Plus d’un million d’euros de dépenses de communication

D’après les informations obtenues auprès du CRT, le plan de communication consacré aux « 500 ans de la RenaissanceS » aurait coûté un total de 850 000 euros sur deux ans. Atout France, l’agence de développement touristique pilotée par l’État, aurait contribué à hauteur de 350 000 euros. Ce qui laisse tout de même un demi-million d’euros à la charge de la Région et des agences touristiques départementales, qui auraient collectivement participé à hauteur de 100 000 euros. Ces chiffres semblent pourtant sous-évalués, puisque le budget primitif de la Région pour l’année 2019 propose « d’inscrire 0,800 M€ pour les opérations de communication liées aux 500 ans de la Renaissance » [1]. Les dépenses de communication de la collectivité régionale pour cette opération ne s’élèveraient donc pas à 400 000 euros, mais à 800 000 euros ! Pour un coût total, incluant la participation d’Atout France, dépassant le million d’euros.

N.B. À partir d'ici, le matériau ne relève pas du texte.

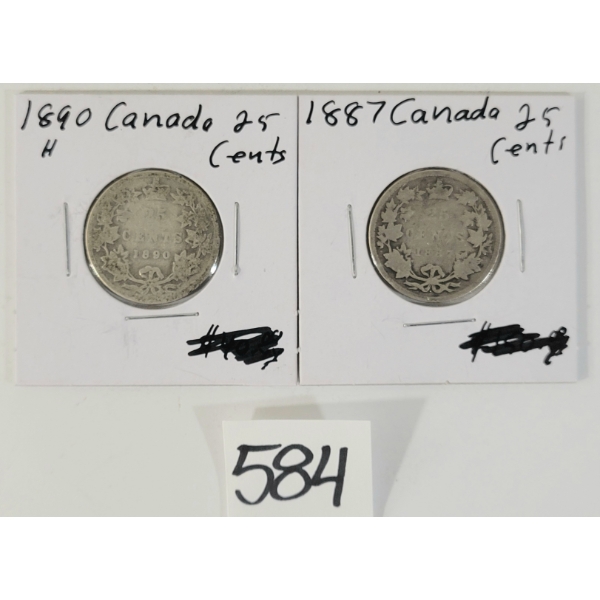 LOT OF 2 - 1887 & 1890 CDN 25 CENT SILVER COINS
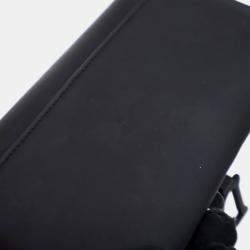 Dior Black Ultra Matte Calfskin Saddle Long Wallet With Chain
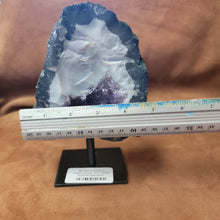 Elevate your home decor with our stunning Amethyst Speciman, featuring a beautiful purple hue and a sleek metal base. Bring a touch of elegance to any room with this unique and eye-catching centerpiece. Perfect for adding a sophisticated and calming atmosphere to your living space.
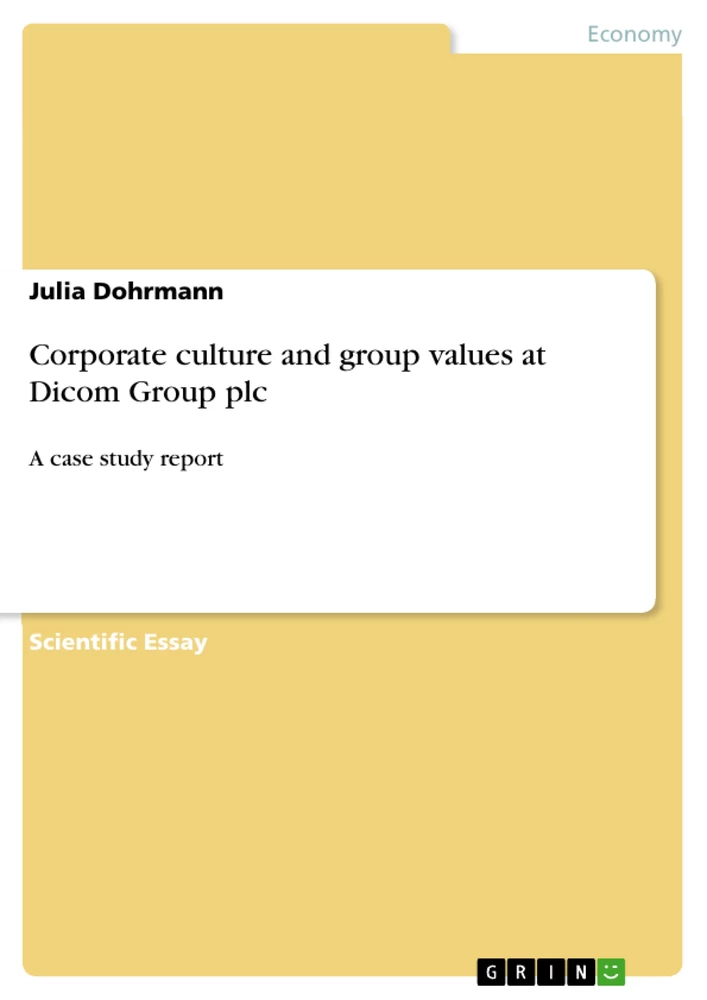 Title: Corporate culture and group values at Dicom Group plc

De l’argent public contre des « likes »

Outre la tournée « Viva da Vinci », ces dépenses de communication intègrent toutes sortes d’actions. La Région s’est par exemple payée une opération de publicité sur les rames du tramway de Milan. Elle prévoit également d’accueillir des « influenceurs » dans l’espoir d’obtenir des retombées sur différents supports : Youtube, Instagram, blogs, etc. Ce type d’opération consiste à payer les frais de transport, d’hébergement, de restauration, etc., de personnes dont la valeur est appréciée en fonction du nombre de personnes qui les suivent sur les réseaux sociaux. Dans l’espoir qu’elles daignent parler de leur hôte sur leurs supports de prédilection... Autre genre d’opération : un stand régional spécial Renaissance au Salon de l’Agriculture... [2]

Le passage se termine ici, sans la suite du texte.